別の数学者は「文献だけでなく無理数の数列の中には何でもある。1が1京回続くところも無限にある。『こんな簡単なことがわからないやつは馬鹿だ』と1兆回繰り返すところも無限にある。これまでに人類が出版した書籍でもどのような芸術作品でも、この天体の全ての原子の構成図も、なんでもある。無限と言うものはそういうものだ」と言った。

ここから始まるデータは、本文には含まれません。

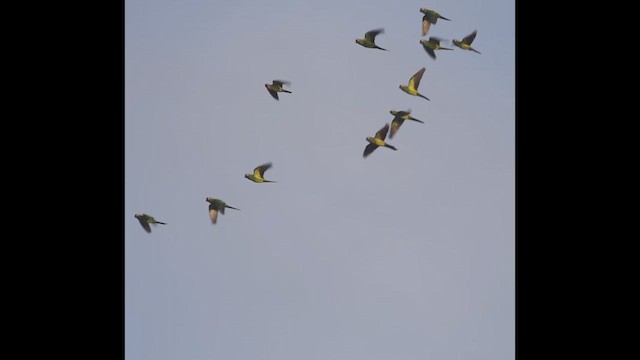 Dusky-headed Parakeet - ML638467730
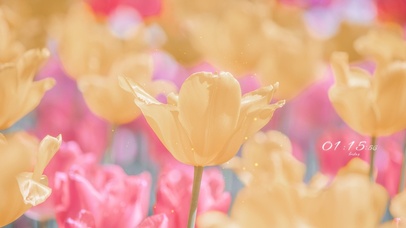 4K 奶油系唯美花朵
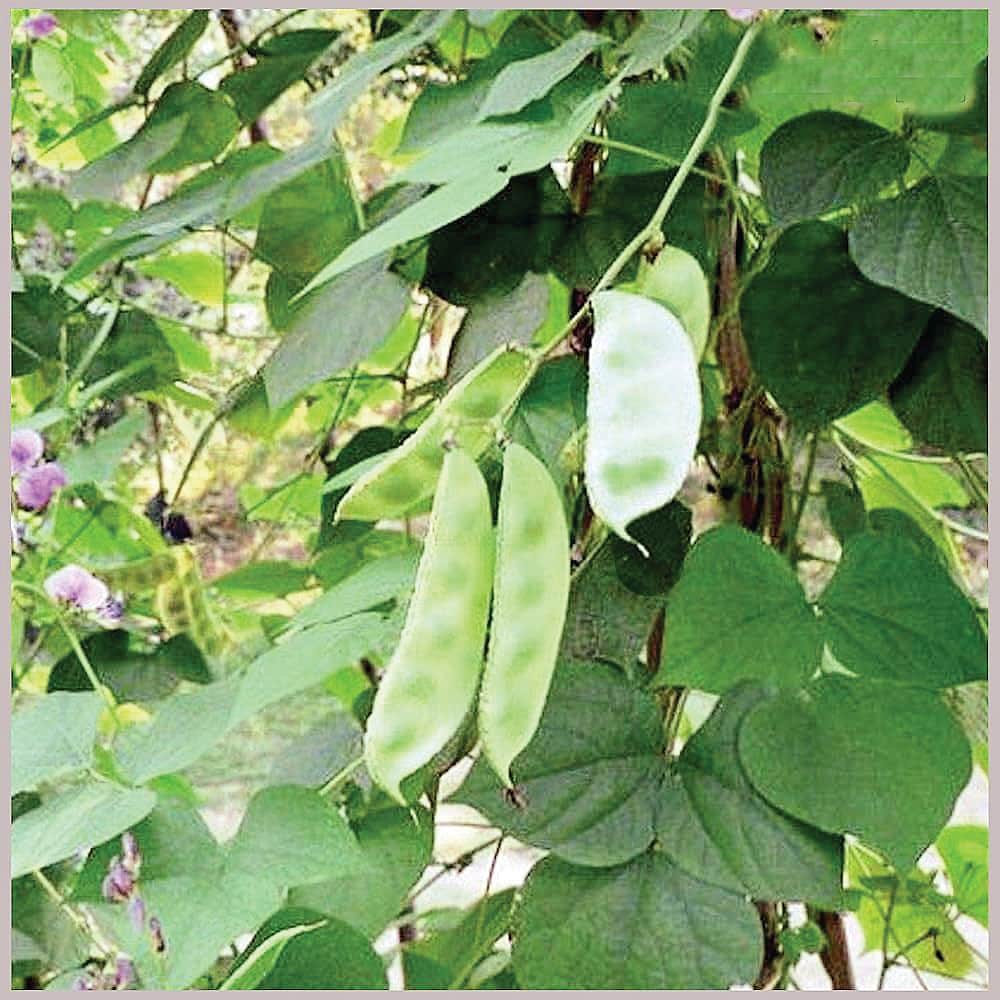 சித்த மருத்துவக் குறிப்புகள்...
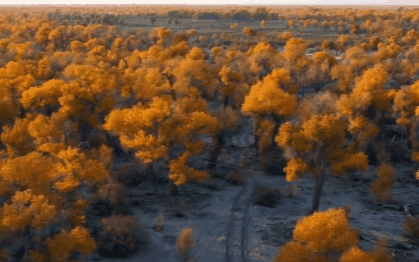 国庆小长假最值得去的14个地方 十一去哪里玩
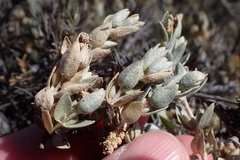 Atriplex watsonii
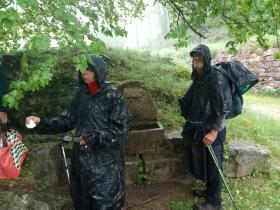 photo coins arrondis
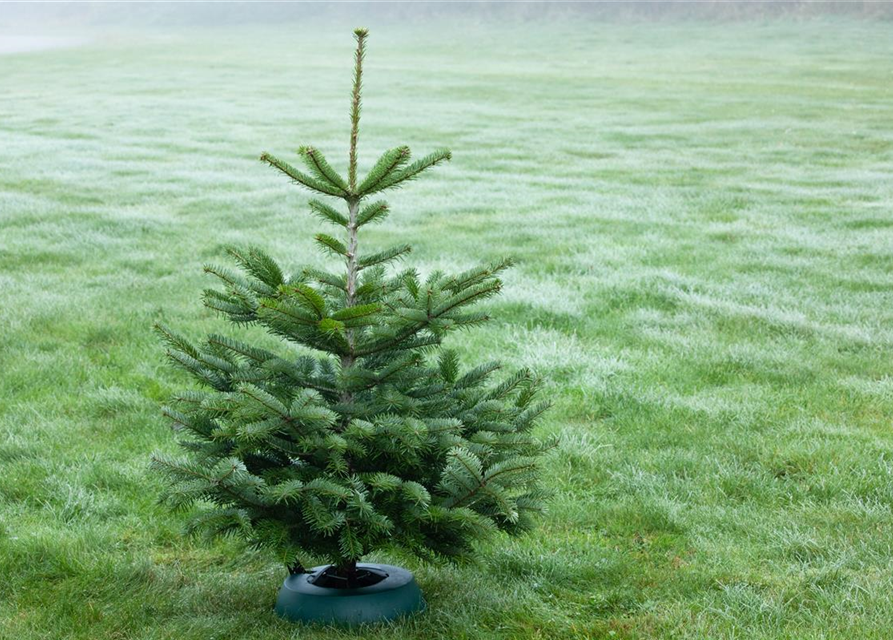 Abies nordmanniana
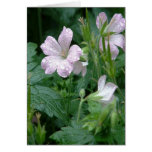 Pearls a Singer Greeting Card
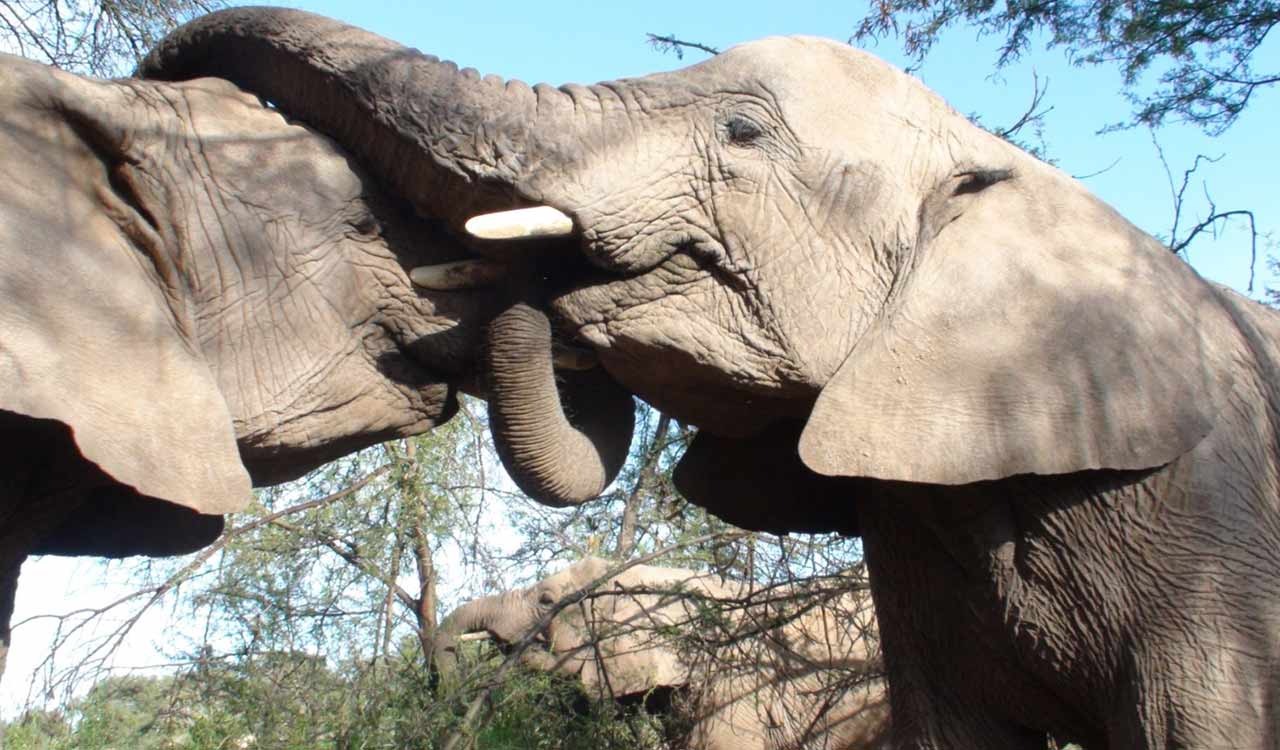 Human-Elephant conflicts rise in TN’s Coimbatore amid shortage of forest guards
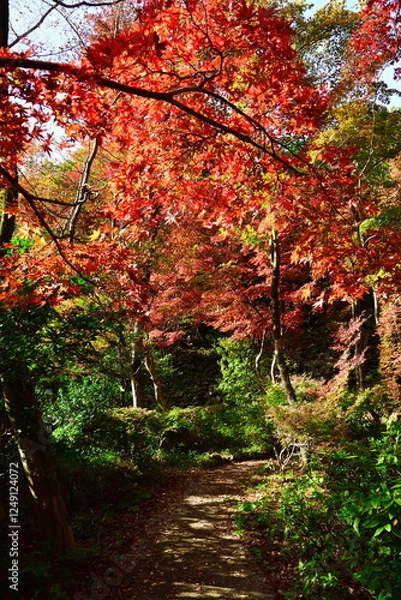 Fototapeta 中野邸記念館の紅葉（新潟県）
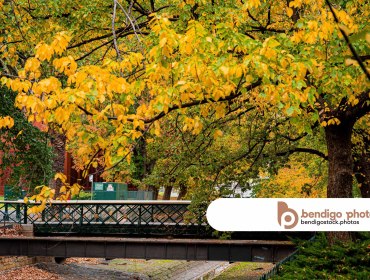 <a href="https://bendigostock.photos/s/nggallery/search/autumn">Bendigo in Autumn</a>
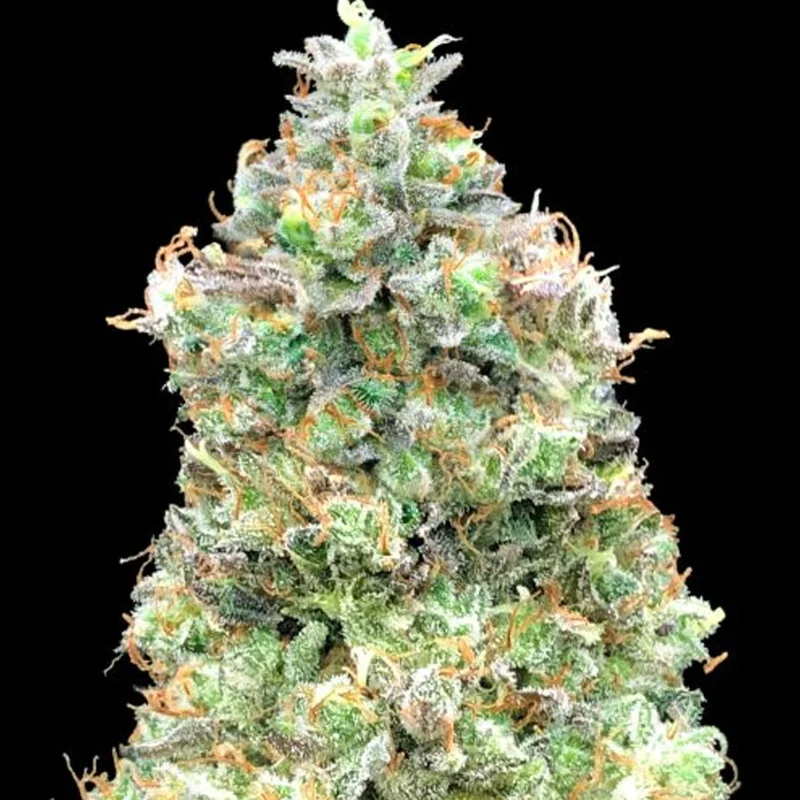 saltonverde2857316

それを聞いていたコンピュータ関係の上級技術者は「10の1兆乗まで円周率を計算できるコンピュータなら簡単に開発できる。昔、素粒子といわれたものも、その粒子はさらにそれよりずっと小さな粒子から構成され、今では1つの水素原子により1テラバイトのメモリーが作れるようになった。これだけ計算しても無限に比べれば無限に小さいが、その程度の論文なら見つかるだろう。ただし関連する間違った論文も大量に見つかるだろう。それらの中から有用な論文を探し出す超高性能な階層型コンピュータが必要だ」
「階層型コンピュータとはどのようなものだ」
「高速で単純な下部階層からインテリジェントな上部階層へと階層状に構成されているものだ。この目的の場合の使用方法は、第1階層は超高速でキーワードを見つけ第1マーキングし、第2階層では第1マーキングした物から技術文献形式になっている物を高速で見つけ第2マーキングし、第3階層では中速予備審査を行い、第4階層で低速で本審査を行い、第5階層で本審査をパスした論文の中からこの技術に役立つ論文をじっくりと探し出すやり方だ」
円周率を延々と計算するコンピュータとそのデータ列の中から関連する論文を探し出す階層型コンピュータが製造された。
第1階層により論文名に「超光速通信技術」、サブタイトルに「体を乗り換える移動への応用」となっている数列が10の1億乗箇所見つかった。最上階層が有用な論文を探し出し、ついに体を乗り換える移動に超光速通信が利用できるようになった。
超光速通信と第4太陽系のネットとを直接多重接続する事にも成功し、通信速度の向上と合わせて、ほとんどリアルタイムで第4太陽系の隅々まで操作する事にも成功した。